Important: Robust Evaluations of Nonprofit CEOs
By Eugene Fram
Like any group, the vast majority of nonprofit CEOs are hardworking managers dedicated to the mission, vision and values of their organizations. The nonprofit evaluation processes of the past, typically involving a cursory examination of the financials plus a simple questionnaire to directors, simply isn’t sufficient for the 21st century. A much more rigorous process is needed if to keep the public’s faith in nonprofit world. I have been involved with these types of evaluations, and the professional CEOs involved understood their necessity.
Following are the steps I consider necessary for a robust CEO evaluation.
• Have active audit committee. Have this committee meet at least four times a year. Sarbanes-Oxley, strongly suggests that the chair have a strong accounting background. This will give some assurance that management’s data interpretations, whether from the CEO or CFO, are reasonable. In addition, the external auditor should have direct access to the committee and/or its chair.
• Have external auditors meet with the committee without management present. Classical board questions posed at these meetings include: Was management cooperative in the conduct of the audit? Did you note any unusual payments? How expert are our personnel handling financial information? What, if any changes are needed in internal accounting systems?
• Have a process (per Sarbanes-Oxley) that encourages directors to meet occasionally with key personnel below the management level. This process should become one with which management and staff can become reasonably comfortable. (Note: I have used this process, for decades as a FP or NFP director.)
• Qualitative impacts have not been assessed in the past. These included such outcomes as enhanced life quality, elevated artistic sensitivity, community commitment, successful advocacy or any of the other honorable but inherently vague goals that nonprofits frequently adopt. These are important outcomes for many nonprofits and need to be included in the process. Specifics on how to measure qualitative goals, developed jointly by the CEO and board, that track progress and drive change are located at:http://bit.ly/OvF4ri .
• Develop a feedback mechanism by which all information can be routed to management for corrective changes. Unless it has been indicated that the CEO may be involved with nefarious activities, the board has an obligation to report all material information to the CEO. Some information may need to be reported anonymously to protect staff privacy.
• Consider installing a whistle-blower telephone line. Its availability is extremely effective and cost effective. With the assistance of legal counsel establish a written policy to avert conflicts with privacy issues. .

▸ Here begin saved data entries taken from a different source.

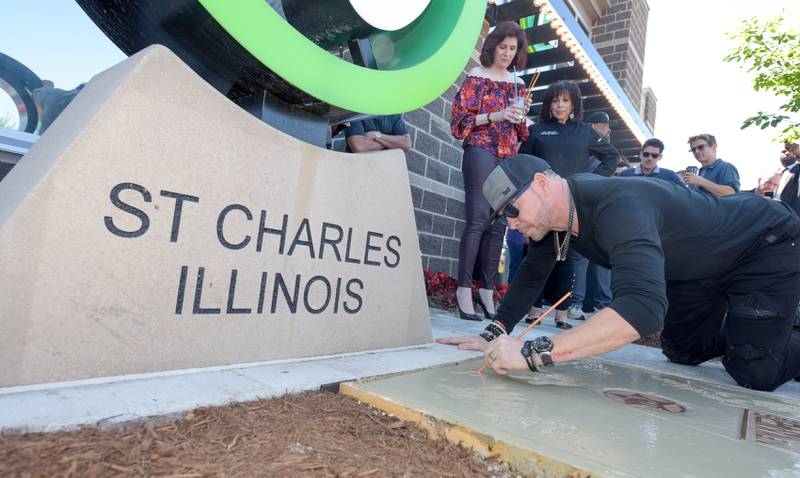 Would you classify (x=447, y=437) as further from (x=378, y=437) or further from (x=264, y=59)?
(x=264, y=59)

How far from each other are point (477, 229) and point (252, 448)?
2414 mm

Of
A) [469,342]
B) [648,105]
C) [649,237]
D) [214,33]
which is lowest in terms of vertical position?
[469,342]

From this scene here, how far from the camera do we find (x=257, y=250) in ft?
5.57

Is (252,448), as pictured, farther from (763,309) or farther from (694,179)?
(694,179)

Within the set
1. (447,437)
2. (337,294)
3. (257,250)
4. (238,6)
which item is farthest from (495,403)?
(238,6)

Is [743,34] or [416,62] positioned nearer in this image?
[416,62]

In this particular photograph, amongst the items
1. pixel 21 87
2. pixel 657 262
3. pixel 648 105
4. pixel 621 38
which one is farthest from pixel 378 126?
pixel 648 105

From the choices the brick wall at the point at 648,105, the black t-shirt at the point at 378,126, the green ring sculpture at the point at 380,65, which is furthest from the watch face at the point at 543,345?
the brick wall at the point at 648,105

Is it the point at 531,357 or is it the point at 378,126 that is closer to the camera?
the point at 531,357

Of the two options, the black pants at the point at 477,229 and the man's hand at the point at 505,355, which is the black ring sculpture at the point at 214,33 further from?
the black pants at the point at 477,229

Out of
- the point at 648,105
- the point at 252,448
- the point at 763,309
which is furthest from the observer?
the point at 648,105

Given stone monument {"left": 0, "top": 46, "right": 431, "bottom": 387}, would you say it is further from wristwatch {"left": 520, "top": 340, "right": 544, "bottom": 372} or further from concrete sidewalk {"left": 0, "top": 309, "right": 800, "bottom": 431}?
wristwatch {"left": 520, "top": 340, "right": 544, "bottom": 372}

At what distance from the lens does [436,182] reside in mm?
5191

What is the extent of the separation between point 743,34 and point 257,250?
28.6ft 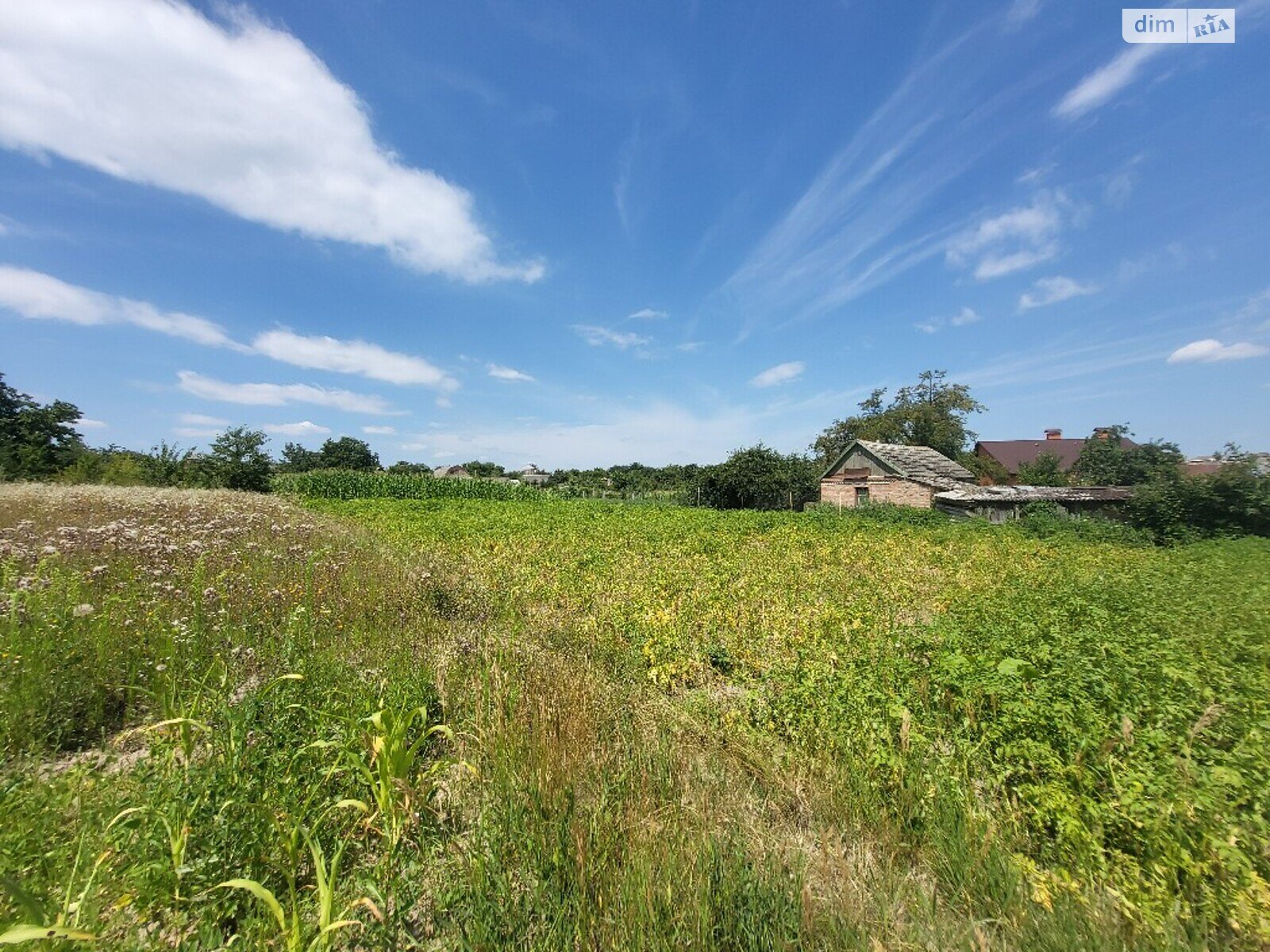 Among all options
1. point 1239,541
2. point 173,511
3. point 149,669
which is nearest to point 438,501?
point 173,511

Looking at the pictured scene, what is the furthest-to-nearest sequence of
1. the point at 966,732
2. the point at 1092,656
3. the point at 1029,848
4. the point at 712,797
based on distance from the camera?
the point at 1092,656 → the point at 966,732 → the point at 712,797 → the point at 1029,848

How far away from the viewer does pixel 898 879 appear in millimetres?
2287

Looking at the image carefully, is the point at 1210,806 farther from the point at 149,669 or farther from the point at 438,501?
the point at 438,501

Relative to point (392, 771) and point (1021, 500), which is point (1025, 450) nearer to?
point (1021, 500)

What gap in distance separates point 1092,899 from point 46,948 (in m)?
3.90

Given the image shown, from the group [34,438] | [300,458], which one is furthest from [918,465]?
[300,458]

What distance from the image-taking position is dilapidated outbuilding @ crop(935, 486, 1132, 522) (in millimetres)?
20375

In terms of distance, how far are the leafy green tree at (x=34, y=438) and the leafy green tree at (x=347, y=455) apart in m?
38.5

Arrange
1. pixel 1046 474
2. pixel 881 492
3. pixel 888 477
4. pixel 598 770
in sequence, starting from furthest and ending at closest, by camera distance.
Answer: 1. pixel 1046 474
2. pixel 881 492
3. pixel 888 477
4. pixel 598 770

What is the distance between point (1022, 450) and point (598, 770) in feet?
232

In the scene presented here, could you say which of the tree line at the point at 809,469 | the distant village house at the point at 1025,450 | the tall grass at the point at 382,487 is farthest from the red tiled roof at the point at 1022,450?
the tall grass at the point at 382,487

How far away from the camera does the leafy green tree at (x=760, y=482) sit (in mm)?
32375

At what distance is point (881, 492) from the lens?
2602 cm

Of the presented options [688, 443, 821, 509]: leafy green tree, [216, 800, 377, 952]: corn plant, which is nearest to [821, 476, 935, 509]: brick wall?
[688, 443, 821, 509]: leafy green tree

All of these steps have been used by for profit organizations and some high performance nonprofits since the beginning of the century. They do not negatively affect the trust that needs to be built between the CEO and the board. In fact, I can point to experiences in which they enhance trust. It is part of the board’s 21st century overview responsibility to “Trust But Verify.” But it’s also important for boards and CEOs to understand the full implications for utilizing these steps.